An investor centered approach
The city’s demographic, cultural and historical mix places it in a positional advantage when it comes to condominium development. With high-rise towers being built at a rapid pace in existing neighbourhoods, Vancouver has become a hotbed for housing investment. Neighbourhoods, such as Strathcona, Commercial Drive and Main Street are undergoing gentrification at an accelerating rate.
“There is just so much money in Vancouver so there is a tendency to put things into monetary value,” Scott explains. “There are efforts by the city to brand neighbourhoods, taking advantage of historical communities like Chinatown to make them marketable.”
“It’s very unhealthy,” David Wong, urban ecologist and architect explains. “All we’re doing is building investor products as opposed to creating community, as in places to work, places to enjoy life and places to live. You have all these condos, yet they keep building more and more. But then the question is: where are people going to live? There’s a difference between creating a place for people to live and creating opportunities for people to invest in.”
He recounts his experiences working as an urban planner when he proposed creating “pocket parks” in Vancouver’s Chinatown. The idea was to renew abandoned spaces and create small outdoor parks for seniors to play chess or read. However, a lack of funding and political will halted his plans.
“The politicians always ask about funding – who is going to pay for that sort of stuff. Many of them don’t understand the value that comes out of it. I presented it to council, but the City of Vancouver was not interested,” says Wong.
Erosion of community and cultural heritage
With an investor-centered approach, a sense of community and culture heritage in Vancouver remains difficult to conserve.
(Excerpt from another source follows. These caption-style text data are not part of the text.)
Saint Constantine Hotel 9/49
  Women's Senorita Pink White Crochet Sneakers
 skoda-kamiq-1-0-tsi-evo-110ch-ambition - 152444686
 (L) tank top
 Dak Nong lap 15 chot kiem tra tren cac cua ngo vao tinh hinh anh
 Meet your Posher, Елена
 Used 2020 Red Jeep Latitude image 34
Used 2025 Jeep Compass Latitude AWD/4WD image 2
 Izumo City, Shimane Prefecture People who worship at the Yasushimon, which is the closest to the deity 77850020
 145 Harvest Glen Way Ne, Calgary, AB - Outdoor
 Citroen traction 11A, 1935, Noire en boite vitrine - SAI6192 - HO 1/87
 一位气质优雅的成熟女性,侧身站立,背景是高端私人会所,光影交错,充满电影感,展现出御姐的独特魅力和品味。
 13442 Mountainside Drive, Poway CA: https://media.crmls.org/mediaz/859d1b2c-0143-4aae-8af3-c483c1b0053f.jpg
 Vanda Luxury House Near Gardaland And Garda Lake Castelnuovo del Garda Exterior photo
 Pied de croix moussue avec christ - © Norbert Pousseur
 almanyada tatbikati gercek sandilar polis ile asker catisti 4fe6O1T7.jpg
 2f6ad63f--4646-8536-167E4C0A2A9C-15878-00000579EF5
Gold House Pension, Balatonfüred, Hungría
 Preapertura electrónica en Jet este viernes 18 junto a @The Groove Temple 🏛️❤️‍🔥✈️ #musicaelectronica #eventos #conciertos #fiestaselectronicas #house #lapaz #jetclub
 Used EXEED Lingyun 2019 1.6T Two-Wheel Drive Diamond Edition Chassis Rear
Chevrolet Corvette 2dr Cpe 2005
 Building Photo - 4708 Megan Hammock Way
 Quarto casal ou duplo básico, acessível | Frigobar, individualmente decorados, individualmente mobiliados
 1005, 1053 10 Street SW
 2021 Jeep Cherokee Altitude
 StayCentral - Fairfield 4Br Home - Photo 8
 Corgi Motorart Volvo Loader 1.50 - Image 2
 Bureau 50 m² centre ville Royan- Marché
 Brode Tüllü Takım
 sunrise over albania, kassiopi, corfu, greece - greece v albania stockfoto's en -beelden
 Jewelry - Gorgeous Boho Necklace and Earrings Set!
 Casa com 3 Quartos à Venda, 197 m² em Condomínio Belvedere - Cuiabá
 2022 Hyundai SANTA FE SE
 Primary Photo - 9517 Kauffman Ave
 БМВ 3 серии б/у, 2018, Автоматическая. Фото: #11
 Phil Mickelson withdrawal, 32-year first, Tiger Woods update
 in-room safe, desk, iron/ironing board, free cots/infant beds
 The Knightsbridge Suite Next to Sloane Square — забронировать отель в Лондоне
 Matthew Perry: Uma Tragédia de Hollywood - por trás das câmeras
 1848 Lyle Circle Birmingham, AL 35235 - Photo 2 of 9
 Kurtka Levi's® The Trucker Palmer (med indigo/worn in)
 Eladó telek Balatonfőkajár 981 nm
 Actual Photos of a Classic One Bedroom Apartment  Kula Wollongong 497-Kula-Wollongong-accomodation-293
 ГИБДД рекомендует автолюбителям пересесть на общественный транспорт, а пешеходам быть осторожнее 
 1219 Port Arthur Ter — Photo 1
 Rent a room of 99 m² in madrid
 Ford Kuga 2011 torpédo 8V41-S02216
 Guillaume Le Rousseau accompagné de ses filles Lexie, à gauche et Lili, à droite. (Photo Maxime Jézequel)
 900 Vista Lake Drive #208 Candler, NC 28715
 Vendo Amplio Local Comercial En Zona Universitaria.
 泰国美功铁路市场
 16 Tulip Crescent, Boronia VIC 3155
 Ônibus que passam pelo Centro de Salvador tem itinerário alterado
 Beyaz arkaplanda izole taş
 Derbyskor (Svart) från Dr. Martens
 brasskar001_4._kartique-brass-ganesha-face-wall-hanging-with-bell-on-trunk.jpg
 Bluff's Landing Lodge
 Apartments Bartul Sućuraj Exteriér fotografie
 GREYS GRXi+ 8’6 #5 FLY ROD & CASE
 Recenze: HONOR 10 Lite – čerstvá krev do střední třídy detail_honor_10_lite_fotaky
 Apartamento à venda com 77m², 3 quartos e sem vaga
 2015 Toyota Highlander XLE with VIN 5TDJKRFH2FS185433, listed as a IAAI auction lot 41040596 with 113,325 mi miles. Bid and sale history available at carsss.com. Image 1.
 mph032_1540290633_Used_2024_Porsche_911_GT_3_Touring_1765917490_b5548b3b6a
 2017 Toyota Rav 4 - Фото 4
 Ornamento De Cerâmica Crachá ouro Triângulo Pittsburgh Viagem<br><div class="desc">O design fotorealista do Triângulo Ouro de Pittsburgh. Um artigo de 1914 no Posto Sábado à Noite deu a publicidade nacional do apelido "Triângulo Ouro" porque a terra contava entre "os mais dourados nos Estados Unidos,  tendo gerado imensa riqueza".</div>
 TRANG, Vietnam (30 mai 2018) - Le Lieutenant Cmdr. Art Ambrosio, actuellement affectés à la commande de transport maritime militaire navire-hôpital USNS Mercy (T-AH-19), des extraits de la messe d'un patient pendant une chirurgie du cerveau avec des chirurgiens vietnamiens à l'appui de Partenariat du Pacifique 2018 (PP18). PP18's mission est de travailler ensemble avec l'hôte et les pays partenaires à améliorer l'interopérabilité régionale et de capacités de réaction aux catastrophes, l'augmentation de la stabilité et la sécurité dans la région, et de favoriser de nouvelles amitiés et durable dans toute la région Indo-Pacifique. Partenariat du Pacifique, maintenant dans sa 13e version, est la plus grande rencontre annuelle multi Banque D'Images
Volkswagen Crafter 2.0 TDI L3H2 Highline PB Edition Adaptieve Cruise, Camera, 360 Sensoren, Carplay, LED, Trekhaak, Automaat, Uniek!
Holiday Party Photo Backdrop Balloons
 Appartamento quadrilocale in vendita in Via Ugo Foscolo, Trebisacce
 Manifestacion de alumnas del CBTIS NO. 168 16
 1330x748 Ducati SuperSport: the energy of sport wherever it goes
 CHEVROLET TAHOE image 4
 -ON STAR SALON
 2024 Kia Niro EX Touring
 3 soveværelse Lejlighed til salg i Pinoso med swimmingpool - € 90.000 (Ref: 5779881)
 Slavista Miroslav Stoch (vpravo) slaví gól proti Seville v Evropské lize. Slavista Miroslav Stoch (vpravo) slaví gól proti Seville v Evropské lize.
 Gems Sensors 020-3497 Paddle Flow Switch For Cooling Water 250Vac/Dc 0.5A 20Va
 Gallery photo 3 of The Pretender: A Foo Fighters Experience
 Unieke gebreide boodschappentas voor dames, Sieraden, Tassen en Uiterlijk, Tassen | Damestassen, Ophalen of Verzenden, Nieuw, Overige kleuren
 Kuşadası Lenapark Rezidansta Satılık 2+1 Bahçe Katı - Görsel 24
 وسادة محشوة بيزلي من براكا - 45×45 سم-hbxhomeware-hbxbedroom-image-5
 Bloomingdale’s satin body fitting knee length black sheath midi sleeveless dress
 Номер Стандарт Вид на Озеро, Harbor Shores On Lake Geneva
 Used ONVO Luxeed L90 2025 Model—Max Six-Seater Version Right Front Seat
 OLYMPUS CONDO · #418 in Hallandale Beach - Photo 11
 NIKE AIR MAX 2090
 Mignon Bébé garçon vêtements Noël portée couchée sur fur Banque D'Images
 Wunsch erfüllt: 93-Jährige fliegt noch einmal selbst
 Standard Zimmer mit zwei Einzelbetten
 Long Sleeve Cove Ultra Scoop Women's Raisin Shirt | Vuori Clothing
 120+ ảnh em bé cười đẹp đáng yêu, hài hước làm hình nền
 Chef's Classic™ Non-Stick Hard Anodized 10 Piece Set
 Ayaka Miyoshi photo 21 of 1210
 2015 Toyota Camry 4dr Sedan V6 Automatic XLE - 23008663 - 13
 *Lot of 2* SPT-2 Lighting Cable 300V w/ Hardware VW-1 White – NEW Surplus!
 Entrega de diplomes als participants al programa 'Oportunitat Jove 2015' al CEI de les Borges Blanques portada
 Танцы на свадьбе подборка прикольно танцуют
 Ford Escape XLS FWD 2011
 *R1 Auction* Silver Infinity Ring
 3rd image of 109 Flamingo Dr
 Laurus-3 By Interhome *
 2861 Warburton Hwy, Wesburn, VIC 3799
Growing up with his grandmother in Strathcona, the sense of community back then remains prominent in Wong’s memory.
“When I was growing up, everyone looked after each other. We were impoverished as a family, but we had a lot of fun because everyone knew each other.There is a very strong historical element to Chinatown, but we’re losing all of that. The displacement of people who live and work there is a real shame.”
Hogan’s Alley was one of the many historical elements that were lost due to urban development, where city planners failed to integrate a people-centered approach.
In the 1960s, the urban renewal project was implemented by the City of Vancouver as a means to reverse property decay and establish a new transportation system. However, many residents in Chinatown were displaced in the process. Among them was the Afro-Canadian community, who settled in what was known as Hogan’s Alley. The entire community was demolished after the construction of the Georgia Viaduct in the 1970s.
“My neighbour was Jimi Hendrix’s grandmother because we lived on the same block on Union Street. There used to be a beautiful black community here and I had these friends, but they were all uprooted,” says Wong.
The development of Vancouver’s landscape and its direction poses tough questions for the city’s urban planners and designers. For Scott, addressing some of the controversies begins with involving residents in the decision-making process.
“It’s a hot debate everywhere: how to do public consultation not only at the procedural level but in a way to invoke people’s imagination on the direction of the city. That’s been a very difficult thing to do in a complex and diverse city.”